Parkinsonism is the generic name given to a group of conditions; a clinical syndrome comprising combinations of motor problems – such as tremor, bradykinesia, resting tremor, rigidity, flexed posture and loss of postural reflexes. Although the vast majority of people with Parkinsonism have Parkinson’s disease (PD), there are other, less common, causes of Parkinsonism – namely, Multiple System Atrophy (MSA), Progressive Supranuclear Palsy (PSP), Corticobasal Degeneration (CBD) and Dementia with Lewy bodies (DLB). These other neurodegenerative conditions are sometimes grouped together under the term of “atypical parkinsonism” or “parkinson-plus syndromes”. Parkinsonism can also be symptomatic (i.e. arising from another cause), as a result of various vascular, drug-related, infectious, toxic and other known secondary causes. Of these, drug-induced Parkinsonism is probably the most common.
Parkinsonian disorders affect both sexes equally, with PSP being marginally more prevalent among males, and are most commonly seen in the middle-aged to elderly population. Due to clinical challenges in diagnosis between the disorders, as well as the Parkinsonism affecting the middle aged to elderly, actual incidence (the rate of new diagnosed cases) and prevalence (the actual number of cases living with disease) are challenging to retain.
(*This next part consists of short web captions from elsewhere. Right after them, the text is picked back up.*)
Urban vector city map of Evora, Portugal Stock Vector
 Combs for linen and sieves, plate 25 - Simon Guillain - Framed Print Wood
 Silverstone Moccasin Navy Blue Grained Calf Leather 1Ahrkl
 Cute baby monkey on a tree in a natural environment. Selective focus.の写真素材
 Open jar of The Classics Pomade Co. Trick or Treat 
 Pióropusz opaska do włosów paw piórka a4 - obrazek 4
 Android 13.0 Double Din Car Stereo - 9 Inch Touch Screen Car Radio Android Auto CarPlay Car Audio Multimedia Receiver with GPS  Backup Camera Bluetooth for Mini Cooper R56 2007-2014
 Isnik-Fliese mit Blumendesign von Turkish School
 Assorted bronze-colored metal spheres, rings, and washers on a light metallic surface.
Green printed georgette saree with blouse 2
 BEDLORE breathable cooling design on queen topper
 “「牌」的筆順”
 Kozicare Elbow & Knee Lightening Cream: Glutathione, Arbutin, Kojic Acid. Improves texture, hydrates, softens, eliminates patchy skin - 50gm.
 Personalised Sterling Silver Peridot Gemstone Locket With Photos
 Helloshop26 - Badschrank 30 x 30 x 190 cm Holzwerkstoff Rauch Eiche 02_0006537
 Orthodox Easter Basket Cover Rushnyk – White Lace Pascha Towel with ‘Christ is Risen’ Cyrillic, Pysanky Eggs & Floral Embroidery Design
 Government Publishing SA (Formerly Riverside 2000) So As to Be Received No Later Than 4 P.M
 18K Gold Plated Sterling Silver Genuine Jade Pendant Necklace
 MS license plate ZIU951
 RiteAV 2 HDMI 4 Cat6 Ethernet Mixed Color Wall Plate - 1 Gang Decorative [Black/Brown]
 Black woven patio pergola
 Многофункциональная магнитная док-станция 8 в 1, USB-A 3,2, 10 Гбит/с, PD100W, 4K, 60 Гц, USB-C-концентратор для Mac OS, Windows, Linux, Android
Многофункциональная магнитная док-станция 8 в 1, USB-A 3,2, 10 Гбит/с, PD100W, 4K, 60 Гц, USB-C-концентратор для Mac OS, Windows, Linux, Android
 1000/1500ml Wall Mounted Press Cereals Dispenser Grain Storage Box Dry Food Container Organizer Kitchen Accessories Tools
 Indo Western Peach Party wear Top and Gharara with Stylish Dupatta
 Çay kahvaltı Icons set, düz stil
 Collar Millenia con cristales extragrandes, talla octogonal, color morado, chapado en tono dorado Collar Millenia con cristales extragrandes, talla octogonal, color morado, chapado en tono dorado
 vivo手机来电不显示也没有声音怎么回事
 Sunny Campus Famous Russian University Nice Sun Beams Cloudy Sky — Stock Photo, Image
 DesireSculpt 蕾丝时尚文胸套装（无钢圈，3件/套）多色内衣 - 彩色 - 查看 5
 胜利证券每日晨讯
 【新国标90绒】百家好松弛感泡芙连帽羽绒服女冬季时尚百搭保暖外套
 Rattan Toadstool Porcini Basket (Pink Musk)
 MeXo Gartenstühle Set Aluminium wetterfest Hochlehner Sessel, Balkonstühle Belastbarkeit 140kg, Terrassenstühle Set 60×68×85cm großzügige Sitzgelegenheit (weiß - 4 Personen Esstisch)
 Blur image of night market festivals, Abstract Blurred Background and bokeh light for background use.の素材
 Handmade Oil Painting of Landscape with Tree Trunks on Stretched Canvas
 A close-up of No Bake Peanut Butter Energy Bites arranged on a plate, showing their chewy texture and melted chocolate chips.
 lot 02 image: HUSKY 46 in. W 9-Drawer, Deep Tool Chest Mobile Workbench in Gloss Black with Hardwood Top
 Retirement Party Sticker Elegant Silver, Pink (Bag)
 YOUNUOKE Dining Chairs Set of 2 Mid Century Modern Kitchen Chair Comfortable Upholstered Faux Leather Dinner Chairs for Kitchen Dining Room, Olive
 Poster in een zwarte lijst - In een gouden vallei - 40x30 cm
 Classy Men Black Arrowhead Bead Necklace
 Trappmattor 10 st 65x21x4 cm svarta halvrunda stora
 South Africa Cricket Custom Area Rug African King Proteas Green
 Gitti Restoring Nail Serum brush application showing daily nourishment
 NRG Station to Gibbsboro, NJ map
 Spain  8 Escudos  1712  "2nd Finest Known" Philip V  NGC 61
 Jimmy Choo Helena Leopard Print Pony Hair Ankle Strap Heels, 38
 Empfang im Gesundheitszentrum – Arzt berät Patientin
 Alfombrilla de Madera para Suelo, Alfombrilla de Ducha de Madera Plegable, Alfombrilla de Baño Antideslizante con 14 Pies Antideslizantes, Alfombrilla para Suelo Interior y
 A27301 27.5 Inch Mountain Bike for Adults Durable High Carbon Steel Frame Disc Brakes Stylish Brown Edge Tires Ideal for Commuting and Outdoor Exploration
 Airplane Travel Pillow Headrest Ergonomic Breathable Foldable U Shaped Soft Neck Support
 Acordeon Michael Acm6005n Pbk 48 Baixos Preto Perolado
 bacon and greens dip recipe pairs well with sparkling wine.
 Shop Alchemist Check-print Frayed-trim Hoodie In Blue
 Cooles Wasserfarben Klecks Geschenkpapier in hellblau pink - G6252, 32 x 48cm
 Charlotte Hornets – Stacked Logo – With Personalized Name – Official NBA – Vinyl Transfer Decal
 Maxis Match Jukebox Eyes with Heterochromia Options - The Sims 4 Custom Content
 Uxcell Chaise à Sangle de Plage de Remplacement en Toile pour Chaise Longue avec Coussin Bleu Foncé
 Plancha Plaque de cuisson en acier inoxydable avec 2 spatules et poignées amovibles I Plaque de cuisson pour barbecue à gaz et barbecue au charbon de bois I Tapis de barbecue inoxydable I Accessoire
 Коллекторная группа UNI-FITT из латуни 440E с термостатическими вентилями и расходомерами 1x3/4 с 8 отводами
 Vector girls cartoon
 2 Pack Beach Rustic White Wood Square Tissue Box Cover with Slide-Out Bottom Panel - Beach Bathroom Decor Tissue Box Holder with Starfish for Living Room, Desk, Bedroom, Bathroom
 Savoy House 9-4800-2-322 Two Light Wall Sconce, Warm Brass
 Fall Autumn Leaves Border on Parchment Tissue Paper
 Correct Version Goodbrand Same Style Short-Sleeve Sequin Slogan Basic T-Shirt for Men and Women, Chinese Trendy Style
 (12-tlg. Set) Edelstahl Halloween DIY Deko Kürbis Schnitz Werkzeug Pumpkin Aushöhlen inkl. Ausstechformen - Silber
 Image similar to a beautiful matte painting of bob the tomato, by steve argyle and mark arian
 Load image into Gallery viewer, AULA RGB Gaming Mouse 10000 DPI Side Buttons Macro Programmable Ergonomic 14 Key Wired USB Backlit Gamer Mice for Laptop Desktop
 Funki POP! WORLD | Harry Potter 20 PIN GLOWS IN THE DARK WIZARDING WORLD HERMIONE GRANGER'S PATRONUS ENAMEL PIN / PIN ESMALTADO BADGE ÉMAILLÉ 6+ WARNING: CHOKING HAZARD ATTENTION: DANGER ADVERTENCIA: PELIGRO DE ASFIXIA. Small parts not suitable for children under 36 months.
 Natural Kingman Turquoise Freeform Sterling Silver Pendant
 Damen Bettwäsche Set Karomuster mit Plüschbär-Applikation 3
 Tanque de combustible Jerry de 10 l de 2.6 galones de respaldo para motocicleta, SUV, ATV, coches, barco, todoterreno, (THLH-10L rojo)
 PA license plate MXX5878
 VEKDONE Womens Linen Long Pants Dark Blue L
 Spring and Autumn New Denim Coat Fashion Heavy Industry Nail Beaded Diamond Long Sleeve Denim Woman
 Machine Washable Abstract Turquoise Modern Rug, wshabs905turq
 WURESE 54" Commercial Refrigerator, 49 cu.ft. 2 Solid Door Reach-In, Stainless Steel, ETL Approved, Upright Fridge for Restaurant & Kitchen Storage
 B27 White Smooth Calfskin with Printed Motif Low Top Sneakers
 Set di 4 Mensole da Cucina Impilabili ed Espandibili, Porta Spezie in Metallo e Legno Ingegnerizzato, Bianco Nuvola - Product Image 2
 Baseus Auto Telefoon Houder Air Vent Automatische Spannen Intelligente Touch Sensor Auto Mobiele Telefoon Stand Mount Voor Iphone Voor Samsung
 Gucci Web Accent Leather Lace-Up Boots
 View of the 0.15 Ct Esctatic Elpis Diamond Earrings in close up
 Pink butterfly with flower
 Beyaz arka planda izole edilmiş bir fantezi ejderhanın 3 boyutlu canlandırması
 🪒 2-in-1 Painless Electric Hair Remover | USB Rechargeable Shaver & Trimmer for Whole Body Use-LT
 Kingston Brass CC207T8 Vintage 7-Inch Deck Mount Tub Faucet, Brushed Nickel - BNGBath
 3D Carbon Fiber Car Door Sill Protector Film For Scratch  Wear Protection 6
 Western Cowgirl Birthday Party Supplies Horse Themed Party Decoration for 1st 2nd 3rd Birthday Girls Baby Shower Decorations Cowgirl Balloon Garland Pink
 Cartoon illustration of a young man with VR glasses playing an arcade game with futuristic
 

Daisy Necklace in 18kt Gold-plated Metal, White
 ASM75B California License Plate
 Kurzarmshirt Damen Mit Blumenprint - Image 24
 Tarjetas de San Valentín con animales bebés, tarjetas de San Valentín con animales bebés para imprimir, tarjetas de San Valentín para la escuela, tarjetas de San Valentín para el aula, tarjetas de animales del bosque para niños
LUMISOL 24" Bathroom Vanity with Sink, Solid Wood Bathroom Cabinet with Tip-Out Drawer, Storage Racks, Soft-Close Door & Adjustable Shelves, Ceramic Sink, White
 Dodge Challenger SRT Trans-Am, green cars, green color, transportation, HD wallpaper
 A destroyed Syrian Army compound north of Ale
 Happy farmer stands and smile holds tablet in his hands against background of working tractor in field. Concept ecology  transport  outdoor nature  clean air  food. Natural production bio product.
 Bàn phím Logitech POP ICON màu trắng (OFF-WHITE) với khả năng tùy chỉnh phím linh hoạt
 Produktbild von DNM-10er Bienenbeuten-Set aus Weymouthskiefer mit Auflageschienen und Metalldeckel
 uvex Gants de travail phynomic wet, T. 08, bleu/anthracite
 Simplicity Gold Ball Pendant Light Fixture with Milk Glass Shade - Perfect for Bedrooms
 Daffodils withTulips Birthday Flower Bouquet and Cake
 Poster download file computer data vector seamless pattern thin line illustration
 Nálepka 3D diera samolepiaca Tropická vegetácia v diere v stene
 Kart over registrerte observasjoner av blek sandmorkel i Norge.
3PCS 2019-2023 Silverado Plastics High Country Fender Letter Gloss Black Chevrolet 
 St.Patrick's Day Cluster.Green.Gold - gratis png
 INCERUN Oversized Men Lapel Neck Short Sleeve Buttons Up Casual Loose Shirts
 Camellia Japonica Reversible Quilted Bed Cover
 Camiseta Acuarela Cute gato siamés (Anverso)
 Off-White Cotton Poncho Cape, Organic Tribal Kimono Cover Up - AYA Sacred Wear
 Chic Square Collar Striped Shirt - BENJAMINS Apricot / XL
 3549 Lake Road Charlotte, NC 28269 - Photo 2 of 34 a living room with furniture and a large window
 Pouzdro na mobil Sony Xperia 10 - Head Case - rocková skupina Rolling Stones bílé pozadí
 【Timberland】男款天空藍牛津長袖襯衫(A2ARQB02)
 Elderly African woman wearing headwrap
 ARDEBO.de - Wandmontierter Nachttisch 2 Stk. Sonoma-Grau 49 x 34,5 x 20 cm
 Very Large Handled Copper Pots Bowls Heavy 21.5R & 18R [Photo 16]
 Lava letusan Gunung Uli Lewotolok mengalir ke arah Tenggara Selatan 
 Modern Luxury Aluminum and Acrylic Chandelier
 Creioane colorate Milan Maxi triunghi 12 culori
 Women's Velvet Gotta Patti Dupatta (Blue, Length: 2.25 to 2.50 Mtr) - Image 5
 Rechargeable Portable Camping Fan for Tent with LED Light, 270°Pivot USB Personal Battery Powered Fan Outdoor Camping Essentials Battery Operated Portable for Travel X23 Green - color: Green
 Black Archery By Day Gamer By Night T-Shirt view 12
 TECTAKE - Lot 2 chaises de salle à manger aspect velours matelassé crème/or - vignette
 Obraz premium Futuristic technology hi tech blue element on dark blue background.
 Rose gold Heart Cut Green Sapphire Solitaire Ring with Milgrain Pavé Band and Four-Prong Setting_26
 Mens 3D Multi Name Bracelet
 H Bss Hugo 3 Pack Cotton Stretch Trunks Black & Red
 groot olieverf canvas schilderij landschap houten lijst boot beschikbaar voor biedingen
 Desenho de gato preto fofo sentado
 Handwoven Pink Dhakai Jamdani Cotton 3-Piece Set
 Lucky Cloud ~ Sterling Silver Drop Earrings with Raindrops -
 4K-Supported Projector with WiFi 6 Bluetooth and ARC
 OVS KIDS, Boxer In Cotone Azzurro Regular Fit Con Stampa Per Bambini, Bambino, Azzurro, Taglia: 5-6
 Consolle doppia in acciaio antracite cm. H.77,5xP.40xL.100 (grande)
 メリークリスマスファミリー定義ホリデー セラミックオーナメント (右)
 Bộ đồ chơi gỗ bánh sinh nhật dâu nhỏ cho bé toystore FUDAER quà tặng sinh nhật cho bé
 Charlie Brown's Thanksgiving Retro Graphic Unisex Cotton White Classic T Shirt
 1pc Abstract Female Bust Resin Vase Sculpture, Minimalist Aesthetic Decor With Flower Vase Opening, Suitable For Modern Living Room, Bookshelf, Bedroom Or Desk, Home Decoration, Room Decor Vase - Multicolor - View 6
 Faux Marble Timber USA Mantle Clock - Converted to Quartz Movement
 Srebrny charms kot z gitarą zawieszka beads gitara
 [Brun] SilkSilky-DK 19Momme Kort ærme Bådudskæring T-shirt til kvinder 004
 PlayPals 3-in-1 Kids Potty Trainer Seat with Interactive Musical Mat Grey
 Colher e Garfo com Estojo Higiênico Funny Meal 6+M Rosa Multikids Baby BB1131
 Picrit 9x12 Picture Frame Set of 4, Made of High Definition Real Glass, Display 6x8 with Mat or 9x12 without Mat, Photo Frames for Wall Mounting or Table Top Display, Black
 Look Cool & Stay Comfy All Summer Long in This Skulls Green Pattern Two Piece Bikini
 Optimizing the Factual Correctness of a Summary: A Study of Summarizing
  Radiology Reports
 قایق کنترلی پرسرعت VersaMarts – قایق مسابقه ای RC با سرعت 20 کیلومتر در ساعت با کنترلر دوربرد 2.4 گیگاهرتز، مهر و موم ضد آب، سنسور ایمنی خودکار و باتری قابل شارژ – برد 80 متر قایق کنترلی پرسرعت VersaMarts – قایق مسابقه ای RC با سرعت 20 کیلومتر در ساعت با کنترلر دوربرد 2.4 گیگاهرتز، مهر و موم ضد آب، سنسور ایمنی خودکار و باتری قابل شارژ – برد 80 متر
The most common Parkinsonian disorder is PD with a prevalence rate of approximately 4% by the age of 80 years, which represents around 80% of all individuals with Parkinsonism. The incidence rate for the PSP, MSA, and CBD is estimated at just below one case per 100,000. DLB is a more frequent occurrence and about 3-4 new cases being diagnosed per year in the general population.
Pathogenesis & Clinical Features
The clinical syndrome Parkinsonism, as seen in PD and atypical Parkinsonism, is mainly distinguished by tremor, rigidity of muscles, mobility problems and bradykinesia. This symptomatology is shared between both typical and atypical PD. What distinguishes atypical parkinsonian disorders from typical PD is generally a more rapidly progressive Parkinsonism associated with early postural instability, poor response to dopaminergic therapy, such as L-DOPA, and additional symptoms such as supranuclear gaze palsy, early autonomic failure, pyramidal signs, cerebellar features and alien limb or apraxia.
Current Therapies/Future Aims
Right now the initial treatment offered to an individual newly diagnosed with Parkinsonism is dopamine replacement therapy. If the case is unresponsive PD is generally excluded. For atypical parkinsonian disorders, no pharmacological treatment has been shown beneficial except for MSA that in some cases has a slight beneficial impact. Most current therapies used to help managing atypical parkinsonian disorders are non-pharmacological, such as – physical and occupational therapy. Blood pressure medication is in sometimes helps with autonomic dysfunctions that MSA cases may suffer from. All available therapeutical strategies, including dopamine replacement therapy and deep brain stimulation in the case of PD, are all symptomatic strategies and there are no current strategies to prevent disease and no cure is available.
The future aims when dealing with these neurological disorders are finding ways to better and more efficiently diagnose and distinguish between this spectrum of disorders, in order to understand what sets them apart and what commonalities they share to which we could target therapeutical aims. New drugs are being developed which target tau protein aggregation, which if successful could have a great impact on people suffering from Parkinsonism. A lot of research focus is directed towards understanding the molecular etiology from, both by finding genes implicated as well as how dysfunction in their related proteins leads to the pathogenesis seen. Finding cellular mechanisms and risk factors to disease will ultimately lead to a targeted development of therapeutical strategies.